Where the pet has a significant medical issue, there should be a provision dealing with important medical decisions. This would include surgical procedures and end of life decisions. As a general framework, the agreement or order should deal with the following:

  • The extent to which the pet parents are required to notify the other of any routine veterinary visits in time to enable the both parents to attend.
  • Whether joint agreement is required for the pet to undergo veterinary visits, non-routine medical procedures and surgeries, as well has how the cost of those procedures will be shared.
  • End-of- life decisions, including burial, cremation, and the ultimate decision as to whether and/or when to terminate the pet’s life.

Future Modifications

As time passes, circumstances for both the pet and its owners might change in significant ways. For example, the pet might develop a medical issue that limits its mobility to the point where being moved between homes could further compromise the pet’s symptoms. Or, one of the spouses might move to a different metropolitan area. This brings up the question of whether Family Code §2605 orders can be modified.

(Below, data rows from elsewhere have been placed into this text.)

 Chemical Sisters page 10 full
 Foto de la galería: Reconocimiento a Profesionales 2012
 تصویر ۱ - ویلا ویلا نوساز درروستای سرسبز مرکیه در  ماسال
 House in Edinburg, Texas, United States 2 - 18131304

Under the law, child custody and visitation orders are always modifiable if there has been a material change of circumstances since the last order was made. However, court orders dividing the community property are not modifiable. Unless the spouses provide for modifiability of a final Family Code §2605 agreement, it is very possible that a judge might conclude that such agreements cannot be modified, over the objection of one of the spouses. That view is supported by the fact that Family Code §2605 is in the part of the Family Code that deals with division of property.

With the uncertainty in how the courts will interpret Family Code §2605, any pet custody agreement must include a provision that addresses modification. If the couple wants to be able to change the order in the future, the initial agreement must specifically state that it is modifiable, upon the showing of a change in circumstance. On the other hand, if the couple wants the pet custody order to be final and not changeable, their agreement should state that, as well.

Conclusion

In dealing with disputes regarding the custody of a minor child, the law requires that the hallmark of any agreement or ruling must be what is in the child’s “best interests.” Even though Family Code Section 2605 does not expressly incorporate that concept, the process of determining a pet’s post-divorce future necessarily requires the consideration of what is in the pet’s best interests. It is heartening for divorcing pet owners to know that this new law finally gives pets a voice in that process.